▸ Work request
From the line with "used 2023 Honda" through the line with "10R80 8F35 Auto", repeat the entries verbatim, both end lines included, and add nothing.

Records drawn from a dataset
################

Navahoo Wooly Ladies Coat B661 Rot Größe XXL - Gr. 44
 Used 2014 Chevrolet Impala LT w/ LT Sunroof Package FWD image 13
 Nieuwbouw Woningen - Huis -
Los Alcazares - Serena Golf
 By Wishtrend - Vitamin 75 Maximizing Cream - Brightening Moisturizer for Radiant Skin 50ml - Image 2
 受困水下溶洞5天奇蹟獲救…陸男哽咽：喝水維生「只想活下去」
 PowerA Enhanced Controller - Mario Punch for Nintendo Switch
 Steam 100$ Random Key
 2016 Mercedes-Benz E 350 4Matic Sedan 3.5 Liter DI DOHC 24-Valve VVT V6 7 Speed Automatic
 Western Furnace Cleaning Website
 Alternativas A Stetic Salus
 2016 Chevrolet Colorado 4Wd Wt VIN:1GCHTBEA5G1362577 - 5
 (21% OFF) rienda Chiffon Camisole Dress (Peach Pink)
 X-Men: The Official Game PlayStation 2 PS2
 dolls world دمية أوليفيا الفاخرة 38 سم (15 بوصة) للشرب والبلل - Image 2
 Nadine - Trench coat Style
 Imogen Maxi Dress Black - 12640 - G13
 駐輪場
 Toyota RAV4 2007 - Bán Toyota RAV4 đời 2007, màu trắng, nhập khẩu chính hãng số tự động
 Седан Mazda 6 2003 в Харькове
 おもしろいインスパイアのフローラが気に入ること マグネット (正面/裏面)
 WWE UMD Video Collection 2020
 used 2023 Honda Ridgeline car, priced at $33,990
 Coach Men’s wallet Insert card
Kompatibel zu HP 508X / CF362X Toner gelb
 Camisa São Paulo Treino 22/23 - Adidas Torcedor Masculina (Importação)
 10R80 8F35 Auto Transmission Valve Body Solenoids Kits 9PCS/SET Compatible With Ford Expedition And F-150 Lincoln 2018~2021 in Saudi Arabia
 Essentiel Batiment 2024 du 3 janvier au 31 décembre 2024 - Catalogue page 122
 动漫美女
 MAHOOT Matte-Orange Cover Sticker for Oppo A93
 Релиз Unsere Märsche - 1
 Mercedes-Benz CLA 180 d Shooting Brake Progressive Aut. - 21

################

▸ Exercise solution
 used 2023 Honda Ridgeline car, priced at $33,990
 Coach Men’s wallet Insert card
Kompatibel zu HP 508X / CF362X Toner gelb
 Camisa São Paulo Treino 22/23 - Adidas Torcedor Masculina (Importação)
 10R80 8F35 Auto Transmission Valve Body Solenoids Kits 9PCS/SET Compatible With Ford Expedition And F-150 Lincoln 2018~2021 in Saudi Arabia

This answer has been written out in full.